ROMAN – Dès 15 ans **
De Cécile ROUMIGUIERE
Éditions Sarbacane – 15.50 €
Fragiles parce que délaissés. Un garçon et une fille vivent leurs expériences sous nos yeux. Ils sont meurtris par la maladresse ou l’égoïsme d’adultes qui auraient dû leur donner la force d’affronter le monde. . L’univers sans pitié des jeunes loups de leur âge ne les aide pas non plus. La fin dramatique est suggérée par le beau graphisme épuré de la couverture : au-dessus d’un masque figé, un oiseau : va-t-il s’envoler vers la liberté ? L’oreille symbole de musique et dernière étincelle de vie permettra-t-elle de renaître ?
Ce livre est une autopsie : de quoi Andrew est-il mort psychologiquement ?
Dans le prologue, nous faisons sa connaissance alors qu’il a 17 ans et se trouve immobilisé au sol, peut-être blessé, tandis que son père semble agoniser à ses côtés.
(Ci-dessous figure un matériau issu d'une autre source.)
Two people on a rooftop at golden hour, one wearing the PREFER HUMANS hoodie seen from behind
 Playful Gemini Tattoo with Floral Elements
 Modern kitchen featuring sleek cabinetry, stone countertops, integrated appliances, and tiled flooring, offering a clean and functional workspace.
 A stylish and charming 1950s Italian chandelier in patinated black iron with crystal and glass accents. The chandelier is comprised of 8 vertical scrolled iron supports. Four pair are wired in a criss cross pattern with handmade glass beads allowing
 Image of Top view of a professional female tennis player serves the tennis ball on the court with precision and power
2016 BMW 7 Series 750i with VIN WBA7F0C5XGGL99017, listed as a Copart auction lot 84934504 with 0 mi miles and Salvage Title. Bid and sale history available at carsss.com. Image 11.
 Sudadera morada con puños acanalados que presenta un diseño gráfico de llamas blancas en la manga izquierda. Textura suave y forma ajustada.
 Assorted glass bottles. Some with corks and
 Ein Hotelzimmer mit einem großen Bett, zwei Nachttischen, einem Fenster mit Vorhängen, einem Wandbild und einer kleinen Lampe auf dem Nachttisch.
On ignore ce qui s’est passé. L’attente dure 2h10 minutes. Avant que sa mère ne découvre le drame et appelle les secours, l’adolescent se remémore des bribes de scènes traumatisantes vécues dans l’enfance. Ses pensées décousues mêlées de sensations et de fantasmes sont imprimées en italiques là comme à la fin de chacun des 19 chapitres.
C’est dans la conception d’ensemble que réside la force de l’ouvrage. L’auteure mène le récit selon une structure temporelle complexe qui alterne :
– le présent immédiat d’Andrew en train de finir de sombrer dans la schizophrénie (italiques)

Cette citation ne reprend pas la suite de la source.